PHOENIX _ While studying in his native Mexico to become an architect, Jose used a tourist visa to enter the U.S. to buy equipment for his father’s industrial maintenance business.

The visa expired in 2004, but Jose remains in Phoenix, remodeling houses making as much in a week here as he would in a month as an architect back home. He said remaining illegally was an easy decision after he had his first child with a woman in the U.S.

“I felt that I had no choice but to stay and support my family,” he said.

Guadalupe, who came here with his wife and two sons using tourist visas, earned twice as much as an engineer in Mexico than he does as a retail store supervisor in the East Valley. But he said the idea of escaping the crime and violence in his native country was too appealing, and they’ve been in the U.S. since 2006.

“Once I was here, I realized there were greater opportunities for me and my family, and I no longer feared for our safety,” he said.

While the term illegal immigration often evokes images of people eluding authorities at the border, a large share of those in the country illegally are people who came on tourist, student and work visas and simply stayed.

U.S. officials say the sheer number of people who stay after their visas expire _ an estimated 300,000 a year _ along with record-keeping and manpower constraints make it impossible to track every person with a story like Jose’s and Guadalupe’s.

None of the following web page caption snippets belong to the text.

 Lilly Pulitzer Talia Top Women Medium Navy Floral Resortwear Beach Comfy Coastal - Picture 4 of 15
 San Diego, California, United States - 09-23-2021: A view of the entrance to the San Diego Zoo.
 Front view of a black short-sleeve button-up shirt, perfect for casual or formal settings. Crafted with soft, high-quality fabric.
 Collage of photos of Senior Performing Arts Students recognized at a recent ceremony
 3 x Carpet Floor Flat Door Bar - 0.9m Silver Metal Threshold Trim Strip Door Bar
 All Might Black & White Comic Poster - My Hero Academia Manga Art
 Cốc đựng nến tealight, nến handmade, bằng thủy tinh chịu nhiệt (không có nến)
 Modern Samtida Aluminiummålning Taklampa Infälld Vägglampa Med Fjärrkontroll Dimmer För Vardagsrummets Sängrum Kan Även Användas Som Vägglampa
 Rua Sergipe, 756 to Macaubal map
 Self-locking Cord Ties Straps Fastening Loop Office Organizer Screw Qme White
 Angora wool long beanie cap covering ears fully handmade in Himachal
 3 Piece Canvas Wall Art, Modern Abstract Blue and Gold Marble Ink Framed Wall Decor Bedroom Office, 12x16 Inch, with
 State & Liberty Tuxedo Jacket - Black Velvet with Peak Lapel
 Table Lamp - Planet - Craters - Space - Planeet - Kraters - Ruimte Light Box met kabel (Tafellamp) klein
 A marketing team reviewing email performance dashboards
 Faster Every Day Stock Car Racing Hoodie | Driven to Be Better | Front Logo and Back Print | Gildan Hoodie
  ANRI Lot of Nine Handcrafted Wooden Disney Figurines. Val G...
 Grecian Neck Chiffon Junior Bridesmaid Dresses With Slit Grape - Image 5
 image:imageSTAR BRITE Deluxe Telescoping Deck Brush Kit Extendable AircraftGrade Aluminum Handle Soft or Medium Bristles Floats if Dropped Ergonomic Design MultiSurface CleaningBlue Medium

Cronkite News Service agreed to identify both men only by their first names to protect their identities.

The Scope

The Pew Hispanic Center, a research group that studies issues, attitudes and trends among the Hispanic population, estimated in 2006 that almost half of the 10.8 million illegal immigrants in the U.S. came here with visas and stayed after they expired.

The U.S. Department of Homeland Security, which has cited the Pew report, estimated that as of 2000 those who overstayed visas accounted for one-third of all illegal immigrants. A 2003 U.S. Government Accountability Office report said that estimate was almost certainly too low.

Evelyn Cruz, an immigration law professor at Arizona State University, said the large percentage of immigrants who stay after their visas expire illustrates an incomplete approach to combating illegal immigration.

“We are spending a lot of money and resources on protecting the border from those crossing illegally, but that’s not the only way people are crossing the border,” Cruz said.

Mark Krikorian, executive director for Center for Immigration Studies, a nonpartisan research group, said the federal government’s inability to track those who overstay their visas can threaten national security. He noted that four of the 9/11 hijackers were in the U.S. on expired visas.

“There’s essentially no chance that anybody is going to come after them … and they will remain unknown to the government,” he said.

Federal officials say that with 6 million people coming into the U.S. each year on non-immigrant visas, which allow them to work, study or visit here, limits on manpower and money make it impossible to track every person. Instead, officials focus on those thought to pose national security risks.

“It is a resource issue when you consider the volume of people that come to the United States and the volume of overstayed data that we have,” said Kimberly Weissman, a spokeswoman for the Department of Homeland Security.

William Gheen, president of Americans for Legal Immigration PAC, a national group pushing for tougher laws against illegal immigration, said the government needs a more effective system for addressing those who stay after their visas expire.

“If you come here with a visa and don’t leave when you’re supposed to, then we should be finding you and sending you home,” he said. “We cannot allow anyone to come and take away anything that belongs to tax-paying Americans.”

Difficult to Track

Since 2007, more than 300,000 individuals each year have remained after their visas expire, a top official with Immigration and Customs Enforcement told members of Congress at a March hearing on the issue.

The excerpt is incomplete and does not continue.